Hot tears were spilling from her eyes, racing each other down her cheeks; wordlessly, Lucien touched his thumb to the damp tracks and gently wiped them away.  "You don't have to tell me if this is too painful, my dear —"

She shook her head, her eyes suddenly fierce.  "No — I have started this, I will finish it."

He leaned back, watching helplessly as she ripped the hapless little braid apart with trembling fingers and once more set to work on plaiting it.

"I could not bear to be in the house with Mama, could not bear to see her drinking, raging against my father, her fate, and men in general.  It was no more difficult for me to slip out of the house and, disguised as one of them, join the boys who used to gather around the docks, waiting for ships to come in, trying to absorb some of the sea's excitement, than it was for me to adopt the guise of a man some years later, fabricate references, and gain entrance into Harvard.  Though the lads of Salem knew me to be a girl and accepted me as such, at Harvard I had everyone fooled.  I was tall, athletic, quick — and, being something of a late bloomer, I looked the part in breeches and coat.  But those boys at the docks — they taught me how to fight dirty.  And those at Harvard" — she gave a contemptuous laugh — "they taught me how to fight like a gentleman.  Fools . . . for all their brains at that revered institution, nobody ever caught on that I was a woman."

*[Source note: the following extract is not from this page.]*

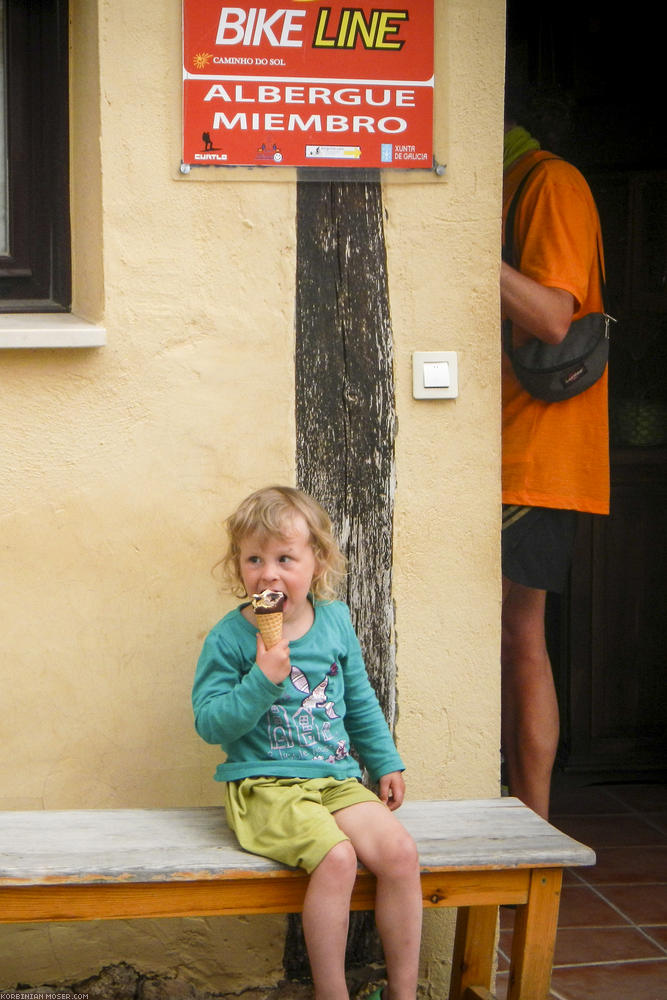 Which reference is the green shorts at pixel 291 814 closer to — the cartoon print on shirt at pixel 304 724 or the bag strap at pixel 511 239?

She came to the end of the braid and began twisting it around her fingertip.  "But I digress.  One day, when I was at the docks with my young friends, a ship came in — I immediately recognized it as my father's.  I grew excited, as I always did when he returned from a long voyage, and ran down to greet him after the ship dropped anchor.  I came up short before reaching him.  Before he saw me."  She paused, her face very still.  "There — there was a woman there."

Lucien tensed, seeing the stricken look on Eva's face that must have echoed the one she had worn all those years ago.

"I had never believed my mother when she raged about men, had always defended my papa because I thought he was . . . different.  But there, all dressed in fancy silks and jewels that he, no doubt, had paid for, stood proof of my mother's convictions.  She was the most beautiful woman I had ever seen, a painted woman, and there she was, smiling a slow, seductive smile as she watched my father being rowed toward shore.  He — he got out of the little boat.  His face became animated and loving, the way it never did when he was with my mother, and he offered that . . . that woman his arm and led her off . . . while my world closed up around me."

Lucien ached for her.  Lamented the fact that he could do nothing to ease the misery in her eyes.  "He betrayed you," he said quietly.

"Yes.  He did.  And there I stood, humiliated, stricken dumb by the realization that my papa was unfaithful, not only to my mama — but to my belief in him.  It was too much.  I began to cry.  The boys who I thought were my friends laughed at me, told me my papa was 'acting just as he should,' and that it was time I faced reality.  I ran home in tears.  I burst into the house, found my mother with a bottle, and blurted out what I had seen . . . and it was then that she told me the truth.  That when she gave birth to me, the experience nearly killed her, and as a result the doctor advised her to never have any more children."

"Dear God," said Lucien, understanding making him want to gather this poor, still-hurting child up in his arms and comfort her.

"You're no dull blade, Blackheath.  I'm sure you can figure out the rest.  After I was born, my father was so resentful that my mother could not give him the boy-child he'd wanted, the heir to not only his name but his fortune, that he sought only to punish her for her failings.  He did it by taking mistress after mistress, flaunting them in front of her, sating the appetites that she could no longer satisfy.  And that's how I spent the rest of my childhood:  watching my father come home from sea to be claimed by a different woman every time, and listening to my weak, self-pitying mother's endless diatribes about the baseness and untrustworthiness of men while she drank herself closer and closer to an early grave."  She flung the braid aside, her eyes tragic, sullen.  "Eventually she got there, and put herself out of her own misery."